**What the task asks:**
Take the line that contains "-dostupno - MojAuto" and each line after it to the end of the data below, and set them down exactly, omitting pictures.

**Data extract:**
▬▬▬▬▬▬

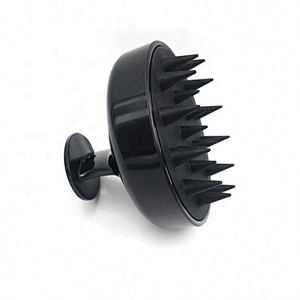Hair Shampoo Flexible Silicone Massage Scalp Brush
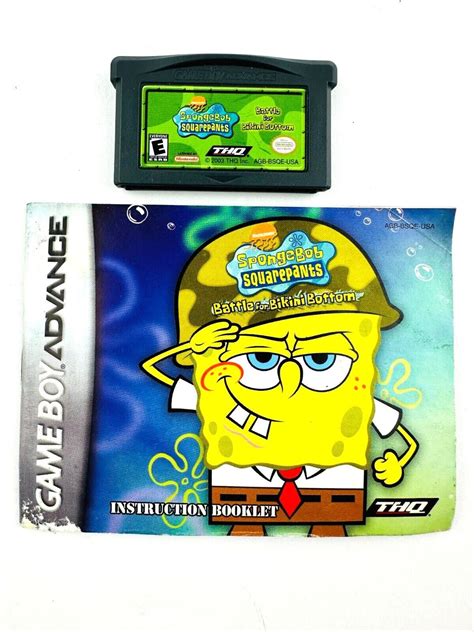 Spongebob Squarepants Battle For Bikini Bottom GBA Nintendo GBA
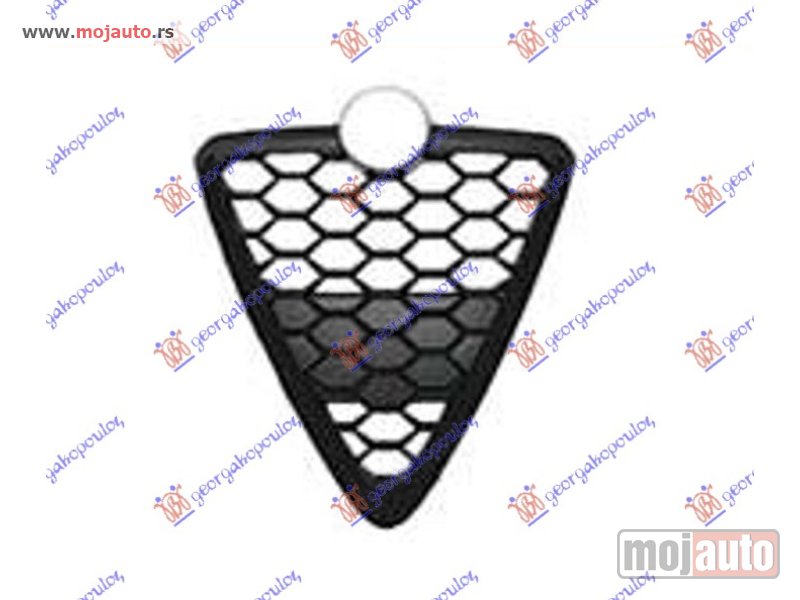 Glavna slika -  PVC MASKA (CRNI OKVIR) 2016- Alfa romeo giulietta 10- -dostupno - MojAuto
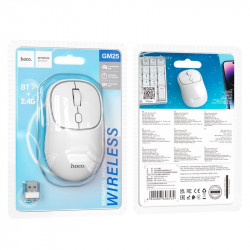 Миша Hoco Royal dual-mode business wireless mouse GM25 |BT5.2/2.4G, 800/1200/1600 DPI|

▬▬▬▬▬▬

**Written answer:**
 Glavna slika -  PVC MASKA (CRNI OKVIR) 2016- Alfa romeo giulietta 10- -dostupno - MojAuto
 Миша Hoco Royal dual-mode business wireless mouse GM25 |BT5.2/2.4G, 800/1200/1600 DPI|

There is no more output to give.